Job title: Data Engineer (SR)
Job type: Permanent
Emp type: Full-time
Industry: IT & Telecommunications / IT・通信
Functional Expertise: Technical (IT) / 技術職(IT)
Salary: Negotiable
Job published: 2026-01-28
Job ID: 69110

Job Description

Career Opportunity for a Data Engineer in Japan!

 

■ Data Engineer

 

■ Company Overview

A research-driven organization at the intersection of AI and robotics, focused on advancing next-generation intelligent systems through cutting-edge research and real-world applications.

 

■ Your Role and Responsibilities 

● Design and implement large-scale data pipelines that cover the full lifecycle of high-quality datasets for robotics foundation models—collection, processing, curation, and publishing. 

● Design, build, and maintain data schemas, storage solutions, and query interfaces to enable VLA researchers to efficiently discover, query, and consume curated datasets. 

● Collaborate closely with VLA researchers to capture evolving data requirements and continuously improve data pipelines through analysis and experimentation.

● Design and scale distributed data-processing pipelines capable of handling petabyte-scale multimodal datasets (e.g., RGB/Depth, point clouds) with full lineage and reproducibility. 

● Define data-quality metrics and build feedback loops to continuously monitor and improve data quality.

 

■ Experience and Qualifications

● Master’s degree in Computer Science, Engineering, or related field (or equivalent practical experience).

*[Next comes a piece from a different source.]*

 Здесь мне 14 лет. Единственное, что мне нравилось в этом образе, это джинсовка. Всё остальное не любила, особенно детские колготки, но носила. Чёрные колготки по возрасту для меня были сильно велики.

● 5+ years professional experience in data engineering / data platform development.

● Experience in designing and operating large-scale ETL / ELT pipelines using Spark, Flink, Ray or similar distributed engine.

● Designed or led implementations using Delta Lake, Apache Iceberg, or Hudi.

● Integrated with Trino, Athena, Databricks SQL, or Glue/Unity Catalog

● Defined schema evolution, ACID compliance, partitioning strategy, time travel, and cost-performance optimization.

 

■ Additional Preferred Qualifications

● Experience working with terabyte or petabyte-scale datasets.

● Expertise in data lake storage systems such as Apache Iceberg or Delta Lake with query systems such as Trino and catalog systems such as Nessie.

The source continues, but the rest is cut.